**PROBLEM DESCRIPTION:** Restate the listing below word for word; no pictures belong in the copy.

**GIVEN INFORMATION:**
- Opening Delimiter -

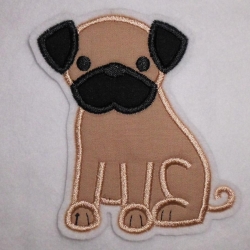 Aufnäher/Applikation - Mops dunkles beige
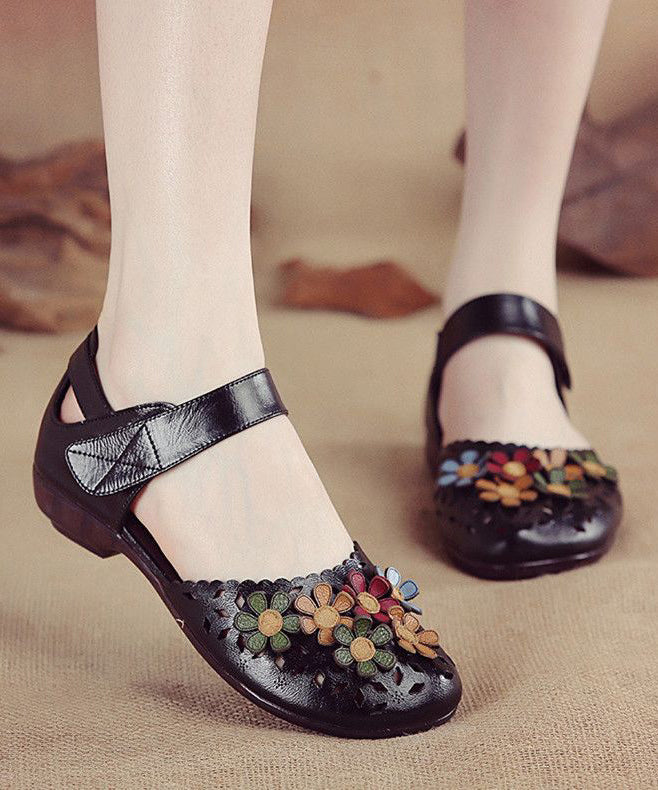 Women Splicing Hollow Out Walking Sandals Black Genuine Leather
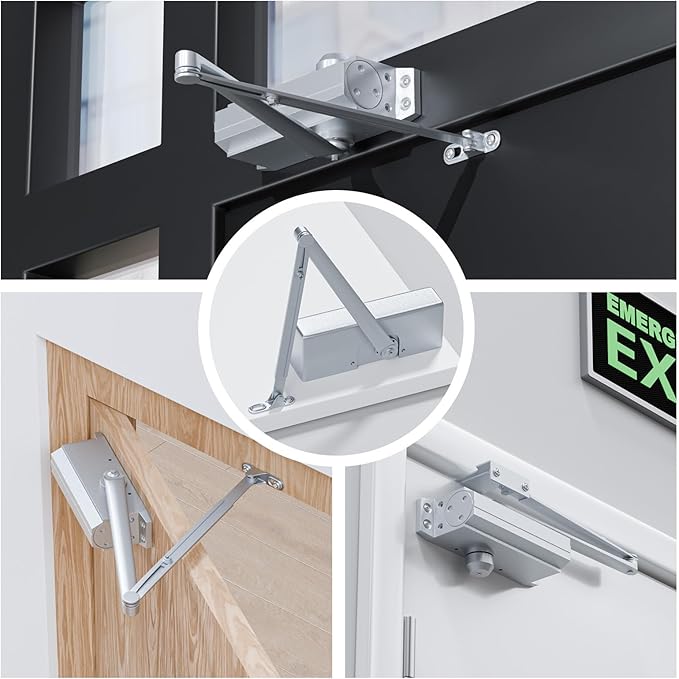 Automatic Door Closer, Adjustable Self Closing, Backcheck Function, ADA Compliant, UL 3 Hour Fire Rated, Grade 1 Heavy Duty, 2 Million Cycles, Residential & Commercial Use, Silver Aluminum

- Closing Delimiter -

**SOLVED EXERCISE:**
 Aufnäher/Applikation - Mops dunkles beige
 Women Splicing Hollow Out Walking Sandals Black Genuine Leather
 Automatic Door Closer, Adjustable Self Closing, Backcheck Function, ADA Compliant, UL 3 Hour Fire Rated, Grade 1 Heavy Duty, 2 Million Cycles, Residential & Commercial Use, Silver Aluminum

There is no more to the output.